DE CHURCHILL A ZP: VIAJE A LAS ANTÍPODAS

Artículo de Jesús Cacho  en “El Confidencial.com” del 07 de marzo de 2010

Por su interés y relevancia he seleccionado el artículo que sigue para incluirlo en este sitio web

 

Me regalan la biografía que Paul Johnson (Tiempos Modernos, La Historia de los Judíos, Intelectuales) acaba de publicar sobre Churchill (Viking Penguin, 2009), obrita deliciosa de apenas 170 páginas que se lee de un tirón sobre el que sin duda fue uno de los hombres de Estado más relevantes del siglo XX (“No man did more to preserve freedom and democracy”, según el propio Johnson), y que incluye el relato del que pasa por ser más importante debate habido en el Parlamento británico en todo el siglo pasado, el “Norway debate”, la sesión celebrada en los Comunes el 7 y 8 de mayo de 1940, tras el fracaso del cuerpo expedicionario británico enviado para auxiliar a la Noruega invadida ya por Hitler. En tan solemne ocasión, el viejo liberal Lloyd George   (“The man who won the First World War”), pronunció su último discurso pidiendo la cabeza de Neville Chamberlain por su pésima dirección de la guerra: “No se trata de saber quiénes son los amigos del primer ministro, sino de una cuestión mucho más importante. Nos ha pedido un sacrificio y la nación está dispuesta a hacer cualquier sacrificio siempre y cuando haya un líder, siempre y cuando el Gobierno demuestre con claridad cuáles son sus objetivos (…) Afirmo solemnemente que el primer ministro debería dar un ejemplo de sacrificio, porque nada puede contribuir más a ganar esta guerra que su renuncia al cargo”.

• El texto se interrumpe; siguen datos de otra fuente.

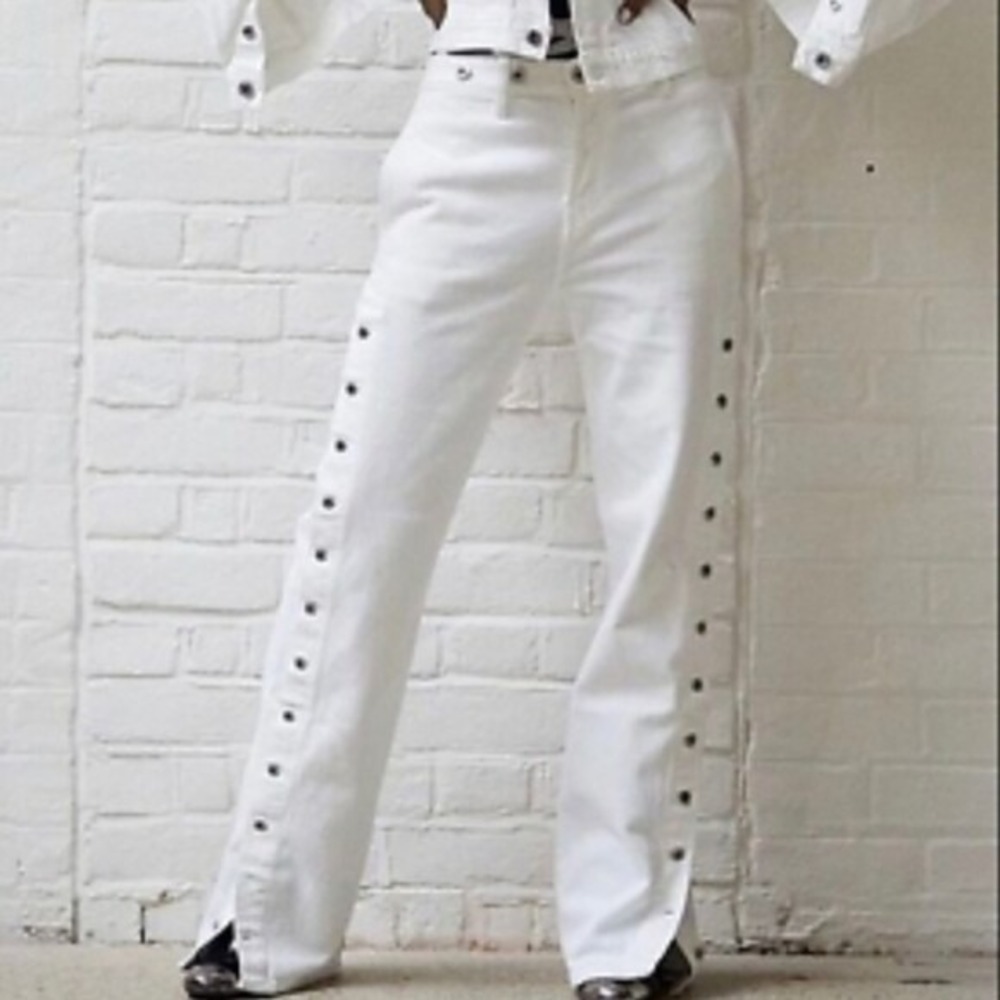 Levis Made & Crafted 25X32 Big E Union Artillery Trousers White Denim Jeans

Más dramática aún fue la intervención del conservador Leo Amery, lanzando un feroz ataque contra su propio líder y pidiendo un Gobierno de unidad, en un discurso que terminó con una conocida cita de Cromwell: “No obstante lo bueno que hayas podido hacer, has permanecido sentado demasiado tiempo. Lárgate, digo, y deja que te demos por terminado. En el nombre de Dios, vete…!”  Una imprecación que 50 años después alcanzaría enorme eco sobre la piel de toro con aquel “Váyase, señor González” salido de la boca de Aznar. La debilidad de Charberlain, su buenismo, su pacifismo a ultranza, puso al mundo libre al borde del desastre.  “Paz para nuestro tiempo”, dijo el pavo a su vuelta a Londres, agitando desde la escalerilla del avión el acuerdo alcanzado en Munich. En realidad, con la división de Checoslovaquia había sacrificado el destino del mundo libre a las fauces insaciables del tirano, siempre dispuesto a mofarse de cualquier tipo de appeasement. También Gran Bretaña vivió en los años treinta su ola de pacifismo. El entonces líder laborista George Lansbury llegó a escribir que “cerraría las oficinas de reclutamiento, disolvería el Ejército y desarmaría a la RAF. Aboliría la terrorífica maquinaria de guerra y le diría al mundo: sé todo lo malo que puedas”. Pero los grandes países producen grandes hombres de Estado cuando el dramatismo de la situación lo reclama. Dos días después de aquel debate, Churchill era investido primer ministro con plenos poderes para dirigir la guerra.

 

Su genio imperecedero salvó a la Gran Bretaña y al mundo libre (“Diré a la Cámara lo que he dicho a quienes se han incorporado al Gobierno: no puedo ofrecer más que sangre, esfuerzo, sudor y lágrimas”. Terminada la guerra se retiró a su finca de Chartwell –su botella de champán (unas 20.000 trasegadas a lo largo de su vida) y sus 12 habanos diarios-, después de que sus compatriotas le volvieran la espalda en las elecciones de 1945, ganadas por el laborista Attlee. Algunos han alabado la sabiduría del votante británico: quién les había conducido en la guerra no era el más adecuado para liderarlos en la paz. Las comparaciones con la situación española son obvias, por sideral que parezca la distancia que nos separa de aquel país a punto de sucumbir ante el horror nazi. Hecha la salvedad, es evidente que también España está aquí y ahora reclamando la aparición de esos grandes líderes, ese gran hombre de Estado capaz de sacarla del atolladero en que se encuentra. Porque, lejos de una amenaza exterior de la arboladura comentada, el país se enfrenta a una de esas encrucijadas históricas que cada medio siglo se presentan ante una nación para determinar su futuro inmediato. El problema español viene marcado por una crisis, quizá terminal, del sistema político salido de la transición; por un fallo múltiple del Estado autonómico que entonces nos dimos, incapaz de servir los intereses colectivos por encima de las miserias de la elites políticas regionales, y por una crisis económica de dimensión desconocida, que se prolongará, temen los expertos, en una década de estancamiento al final del cual todos seremos mucho más pobres. España es un país enseñoreado por una corrupción galopante, incapaz de ofrecer alternativas de futuro a sus generaciones jóvenes y, por tanto, enfrentado a un horizonte de creciente decadencia.  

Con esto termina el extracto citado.